> WHAT TO PRODUCE
Set down, character for character, everything in the records below from the line holding "Ensemble en lin" down to the line holding "Medium shot showcasing", and no other line.

───── PROVIDED MATERIAL

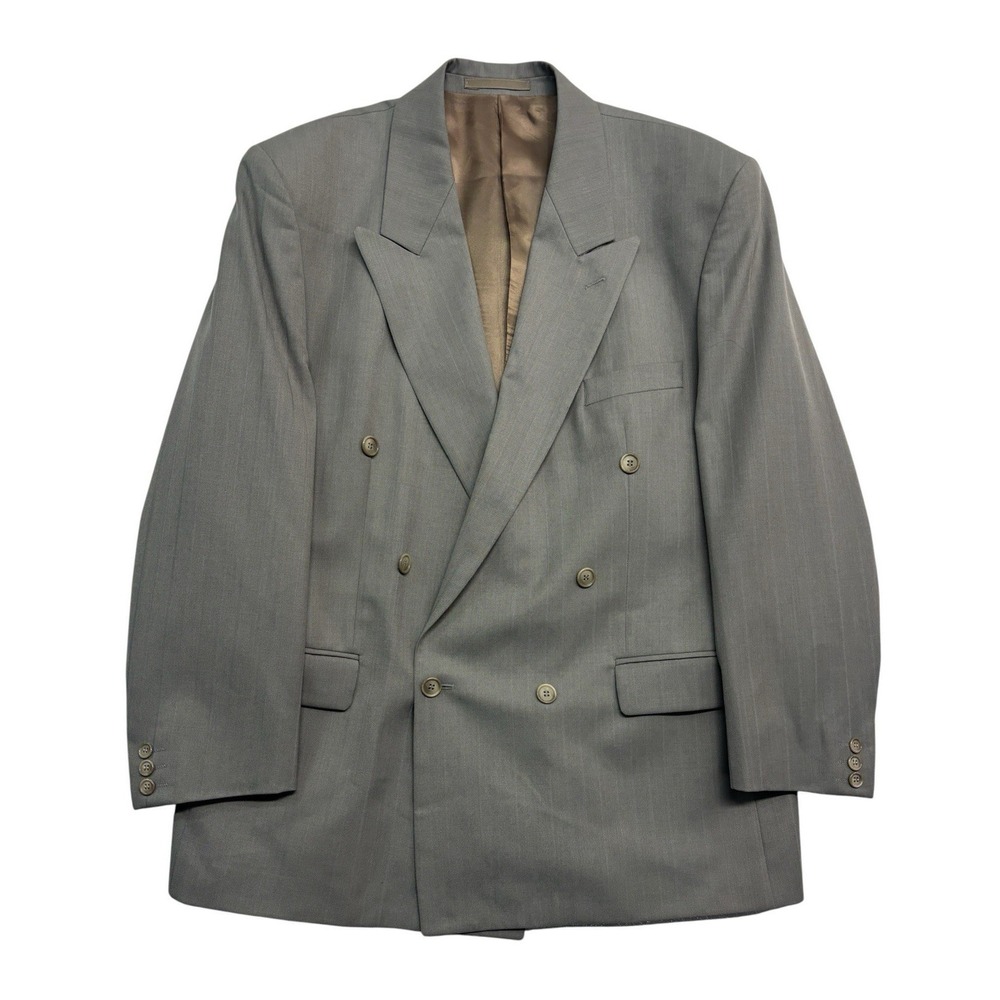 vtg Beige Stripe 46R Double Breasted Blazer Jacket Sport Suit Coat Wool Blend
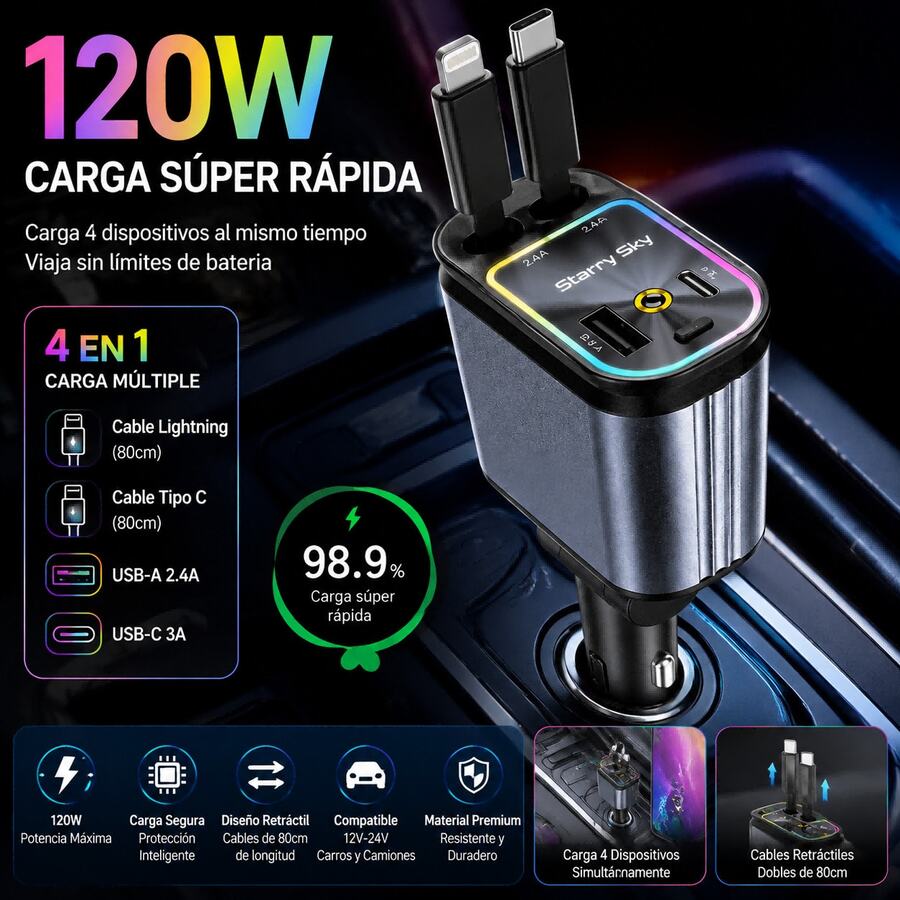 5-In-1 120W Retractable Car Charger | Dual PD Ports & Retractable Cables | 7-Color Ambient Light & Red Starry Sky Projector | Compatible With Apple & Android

──────────
───── PROVIDED MATERIAL

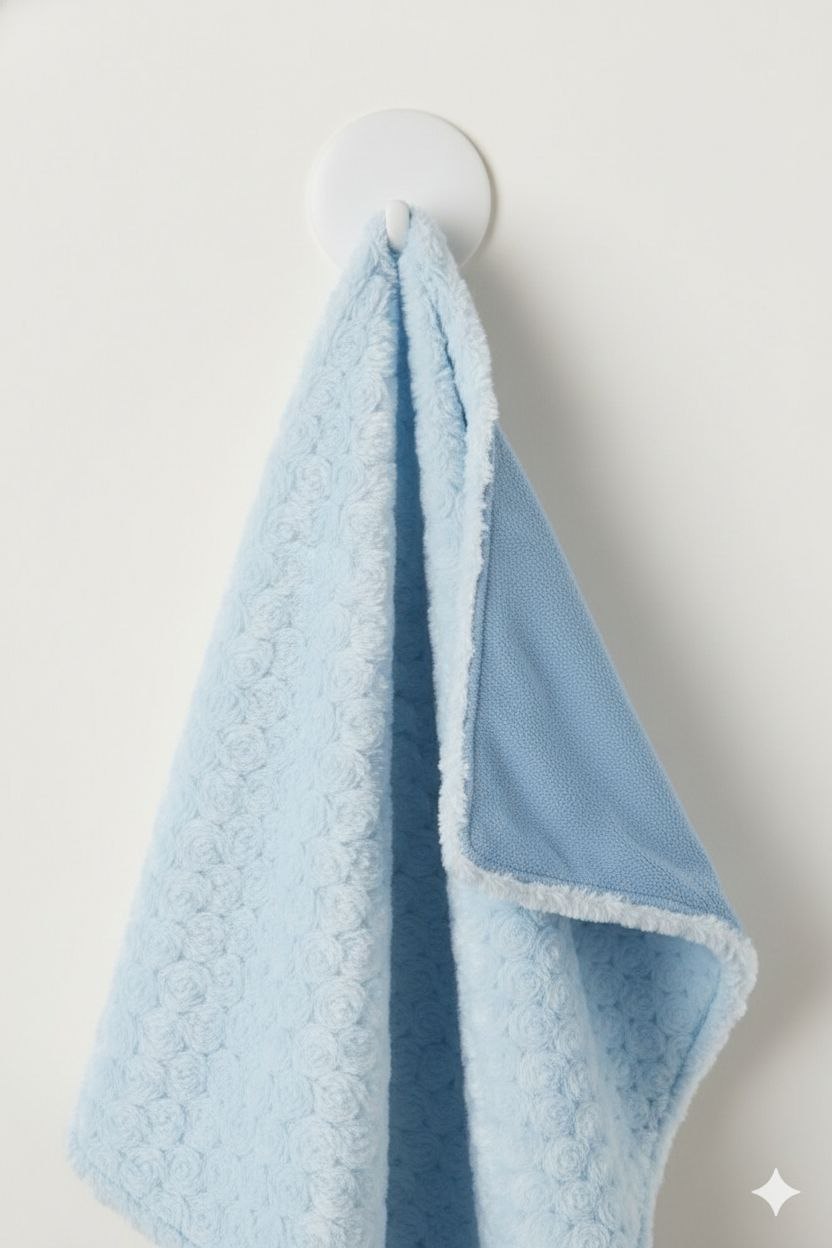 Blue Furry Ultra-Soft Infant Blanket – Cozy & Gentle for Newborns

──────────
───── PROVIDED MATERIAL

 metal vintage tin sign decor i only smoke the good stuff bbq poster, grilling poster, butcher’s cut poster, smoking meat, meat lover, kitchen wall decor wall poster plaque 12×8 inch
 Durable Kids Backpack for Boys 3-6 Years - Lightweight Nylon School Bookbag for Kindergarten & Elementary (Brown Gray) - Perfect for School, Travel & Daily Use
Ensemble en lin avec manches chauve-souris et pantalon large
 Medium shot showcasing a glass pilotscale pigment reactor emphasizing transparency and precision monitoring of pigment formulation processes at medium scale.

──────────

> FINAL ANSWER
Ensemble en lin avec manches chauve-souris et pantalon large
 Medium shot showcasing a glass pilotscale pigment reactor emphasizing transparency and precision monitoring of pigment formulation processes at medium scale.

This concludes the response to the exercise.